:: About this exercise ::
Would you please return the lines of the entries below starting at the line that has "One Skein Hat" and ending at the line that has "Ernest Hemingway writing email subject lines", both included, exactly as they are?

##### Task inputs

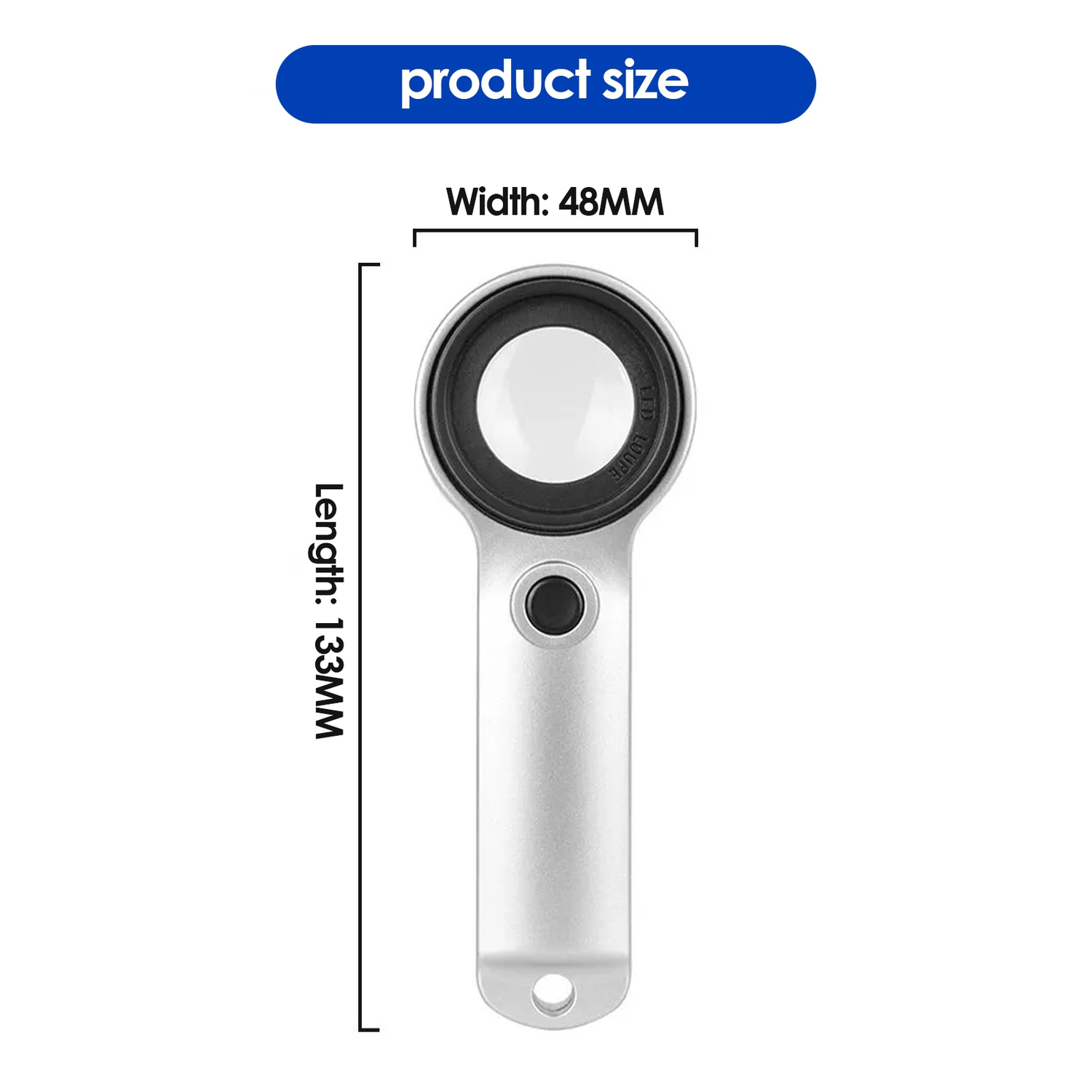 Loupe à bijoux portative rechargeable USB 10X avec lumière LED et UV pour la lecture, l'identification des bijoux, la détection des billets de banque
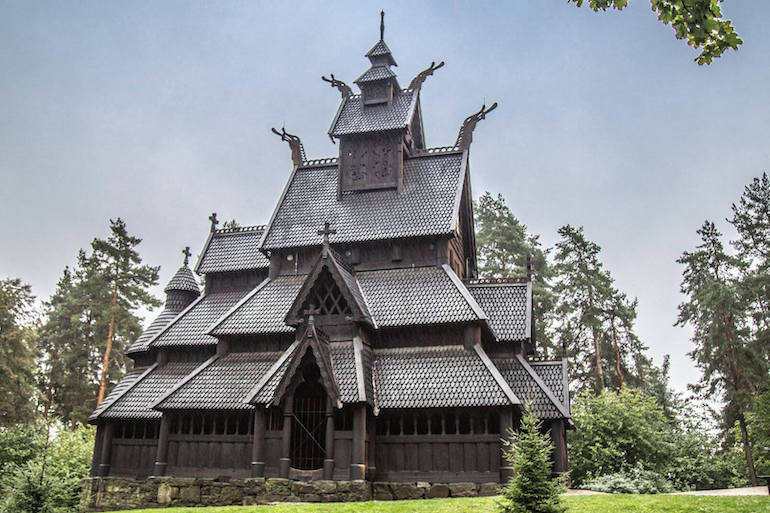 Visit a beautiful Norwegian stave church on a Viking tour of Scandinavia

##########
##### Task inputs

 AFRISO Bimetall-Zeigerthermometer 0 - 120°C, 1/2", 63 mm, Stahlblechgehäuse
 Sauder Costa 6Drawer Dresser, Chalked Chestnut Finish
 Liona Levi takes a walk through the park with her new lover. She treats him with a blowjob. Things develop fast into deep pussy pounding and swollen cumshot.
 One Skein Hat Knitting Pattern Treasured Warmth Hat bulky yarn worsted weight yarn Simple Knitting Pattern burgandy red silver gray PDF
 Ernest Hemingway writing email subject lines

##########

:: Expected answer ::
 One Skein Hat Knitting Pattern Treasured Warmth Hat bulky yarn worsted weight yarn Simple Knitting Pattern burgandy red silver gray PDF
 Ernest Hemingway writing email subject lines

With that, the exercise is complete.